* **Problem statement**: Where a line below holds the string "image", copy that line.
=== Exercise materials ===
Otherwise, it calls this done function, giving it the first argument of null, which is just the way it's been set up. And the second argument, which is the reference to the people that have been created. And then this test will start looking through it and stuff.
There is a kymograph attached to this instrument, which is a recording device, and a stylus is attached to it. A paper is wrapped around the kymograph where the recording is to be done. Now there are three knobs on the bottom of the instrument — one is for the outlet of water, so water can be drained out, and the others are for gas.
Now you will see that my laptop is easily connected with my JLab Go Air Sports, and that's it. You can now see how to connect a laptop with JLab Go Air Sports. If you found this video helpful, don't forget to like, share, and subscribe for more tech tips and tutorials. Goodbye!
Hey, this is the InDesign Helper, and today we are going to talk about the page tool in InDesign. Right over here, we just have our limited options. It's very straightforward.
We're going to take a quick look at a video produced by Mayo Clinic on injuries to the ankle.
===
=== Exercise materials ===
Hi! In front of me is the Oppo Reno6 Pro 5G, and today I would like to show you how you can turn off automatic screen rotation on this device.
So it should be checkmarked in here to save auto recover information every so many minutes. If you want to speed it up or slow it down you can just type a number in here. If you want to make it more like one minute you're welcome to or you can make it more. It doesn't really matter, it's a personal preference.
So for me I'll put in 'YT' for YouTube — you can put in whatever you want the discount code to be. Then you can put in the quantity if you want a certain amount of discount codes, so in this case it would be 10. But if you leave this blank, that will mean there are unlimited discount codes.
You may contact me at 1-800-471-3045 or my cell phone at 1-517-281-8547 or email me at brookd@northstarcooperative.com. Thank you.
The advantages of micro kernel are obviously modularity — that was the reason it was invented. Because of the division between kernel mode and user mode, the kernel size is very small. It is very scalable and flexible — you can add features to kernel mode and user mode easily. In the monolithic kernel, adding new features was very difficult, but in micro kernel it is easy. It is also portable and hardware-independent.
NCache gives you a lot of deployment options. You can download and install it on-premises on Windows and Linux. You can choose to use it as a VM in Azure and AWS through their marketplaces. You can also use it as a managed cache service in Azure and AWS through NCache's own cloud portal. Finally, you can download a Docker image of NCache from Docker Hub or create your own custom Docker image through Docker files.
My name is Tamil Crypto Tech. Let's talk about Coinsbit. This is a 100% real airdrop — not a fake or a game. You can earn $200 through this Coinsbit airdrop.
===
=== Exercise materials ===
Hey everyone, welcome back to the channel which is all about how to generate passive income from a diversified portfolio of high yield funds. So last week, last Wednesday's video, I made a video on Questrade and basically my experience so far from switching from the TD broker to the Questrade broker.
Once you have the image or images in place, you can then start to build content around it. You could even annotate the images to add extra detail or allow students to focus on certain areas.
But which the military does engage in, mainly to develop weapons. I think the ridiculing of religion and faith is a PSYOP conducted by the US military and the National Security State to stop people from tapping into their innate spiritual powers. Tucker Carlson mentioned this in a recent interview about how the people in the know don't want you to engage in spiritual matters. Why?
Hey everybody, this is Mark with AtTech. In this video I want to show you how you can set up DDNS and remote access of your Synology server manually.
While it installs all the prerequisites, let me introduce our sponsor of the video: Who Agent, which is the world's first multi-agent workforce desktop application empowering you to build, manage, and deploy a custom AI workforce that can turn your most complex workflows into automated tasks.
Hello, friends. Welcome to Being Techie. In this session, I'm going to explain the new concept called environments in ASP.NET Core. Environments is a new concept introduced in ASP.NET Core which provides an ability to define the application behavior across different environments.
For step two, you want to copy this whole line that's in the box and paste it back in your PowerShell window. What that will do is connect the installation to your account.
===
* **Written answer**:
NCache gives you a lot of deployment options. You can download and install it on-premises on Windows and Linux. You can choose to use it as a VM in Azure and AWS through their marketplaces. You can also use it as a managed cache service in Azure and AWS through NCache's own cloud portal. Finally, you can download a Docker image of NCache from Docker Hub or create your own custom Docker image through Docker files.
Once you have the image or images in place, you can then start to build content around it. You could even annotate the images to add extra detail or allow students to focus on certain areas.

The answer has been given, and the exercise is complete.